BCE, Inc. Saga Nearing its End

Last week, BCE, Inc. finally put the “For Sale” sign in its window. At the moment, there are two serious bidding groups at the table, both interested in privatizing Canada’s biggest telecom company. The way things look right now, aside from a few speculators, overall Canada only stands to lose from BCE going private.

For starters, Canadian investors are to lose yet another major bellwether stock from the S&P 500/TSX Composite. I have written about it before, but the list is getting uncomfortably longer and longer, threatening to completely marginalize the benchmark.

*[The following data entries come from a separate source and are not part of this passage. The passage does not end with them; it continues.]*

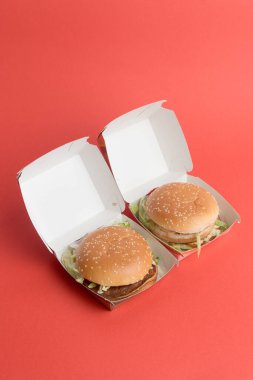 Londra, Birleşik Krallık, 12 Kasım 2024: - McDonalds Big Mac ve McPlant manzarası,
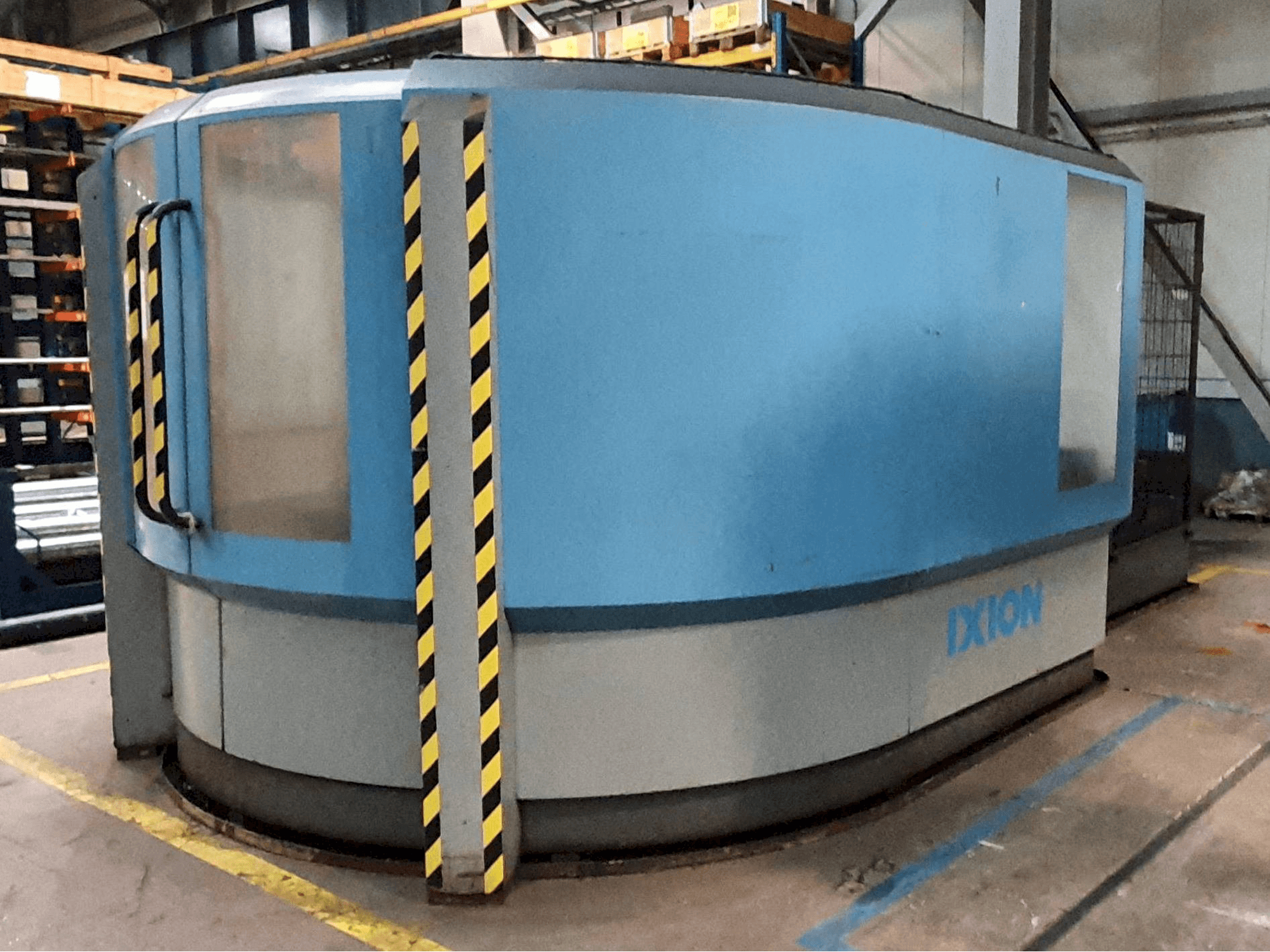 IXION TL1004 Mašinos vaizdas iš priekio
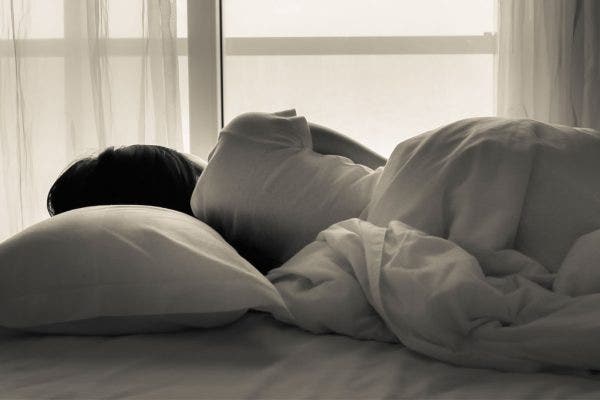 Los beneficios de una vida sana para dormir bien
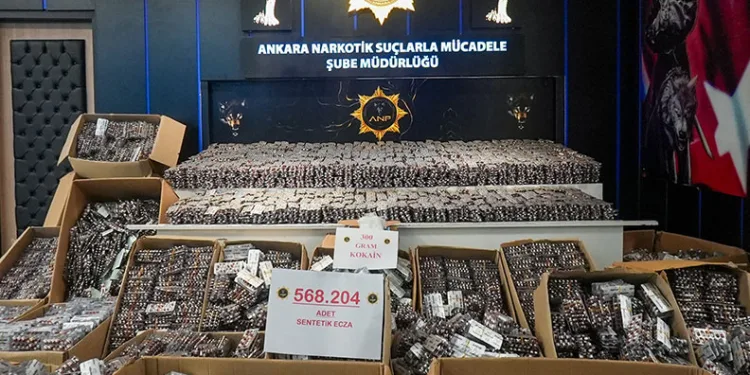 Ankara’da 568 bin adet sentetik ecza ele geçirildi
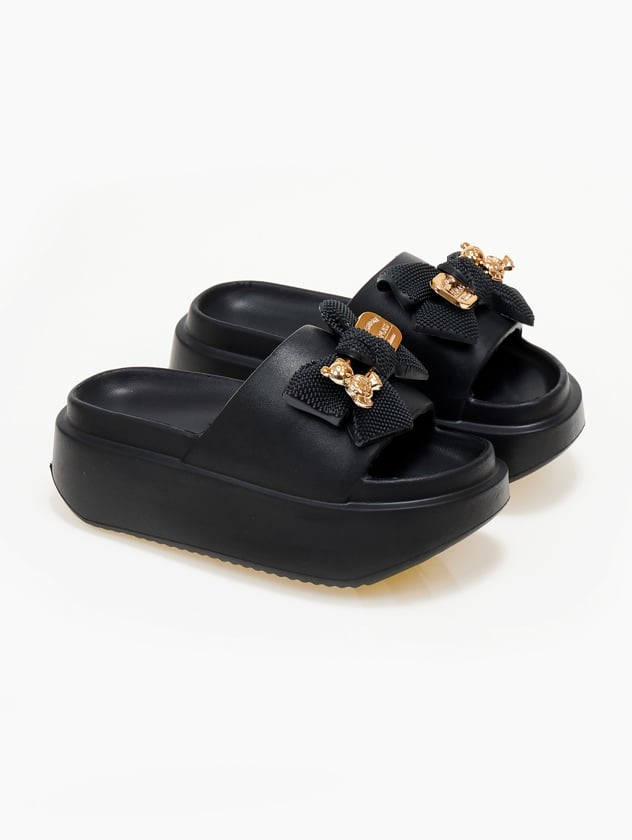 Slides με φιόγκο και μεταλλικό charm - Μαύρο - thefashionproject.gr - The Fashion Project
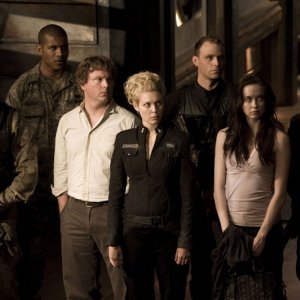 Jamil Walker Smith, Patrick Gilmore, Alaina Kalanj, Elyse Levesque e Brian J. Smith in Twin Destinies di Stargate Universe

Then there are Canadian consumers. If BCE, Inc. goes private, it will be through a leveraged buyout. That would mean less money for technological improvements and most of it for servicing Bell Canada’s enormous debt burden. That would also mean that most of the costs would be passed on to consumers through increased prices. Note that BCE currently appears to be trapped between a rock and a hard place, carrying about $11.36 billion in debt, which is offset with a nearly insignificant $513.61 million in cash.

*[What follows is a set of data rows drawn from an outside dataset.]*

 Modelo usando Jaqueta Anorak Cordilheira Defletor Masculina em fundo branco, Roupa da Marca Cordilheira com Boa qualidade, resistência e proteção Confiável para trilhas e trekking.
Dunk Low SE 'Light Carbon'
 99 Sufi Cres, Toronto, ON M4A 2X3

Finally, let’s not forget about Ottawa and the loss of tax revenues from BCE. If and when the company goes private, Ottawa stands to lose a big chunk of change. Although, I have to say, Ottawa sort of deserves it. When federal finance minister Jim Flaherty pulled the Halloween income trust “trick or treat,” BCE, Inc. was one of the most directly impacted corporations. It could be argued that not being able to convert into an income trust may just as well have served as a death sentence for the company.

So now, the only thing left for Michael Sabia, BCE’s CEO, to do is to try to negotiate the best price. One group is suggesting a buyout price between $40.00 and $42.00, while the other is offering between $28.00 and $40.00. The fourth variable in the equation is Ontario Teachers Pension Plan, which may be interested in a bid of its own. So, the best Sabia can do is to pit the bidders against one another in a price war and score a decent price for the stock.

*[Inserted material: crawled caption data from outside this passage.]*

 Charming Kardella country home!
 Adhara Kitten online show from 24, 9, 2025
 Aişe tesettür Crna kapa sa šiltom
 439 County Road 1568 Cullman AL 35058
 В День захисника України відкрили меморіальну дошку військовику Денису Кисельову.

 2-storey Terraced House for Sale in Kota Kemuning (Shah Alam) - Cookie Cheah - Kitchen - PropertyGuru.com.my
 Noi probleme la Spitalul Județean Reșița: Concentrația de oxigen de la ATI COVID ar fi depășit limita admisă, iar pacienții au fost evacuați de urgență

Investors should consider BCE’s recent market performance a supernova surge just before the dying star expires. If you are a current shareholder, you should wait for the merger talks to conclude and tender your shares back to whoever ends up buying the company. By the looks of it, you could end up with a tender price of $40.00 or better. If you are a speculator, consider a short- term trade, provided you can get an entry price in the lower $30.00 range.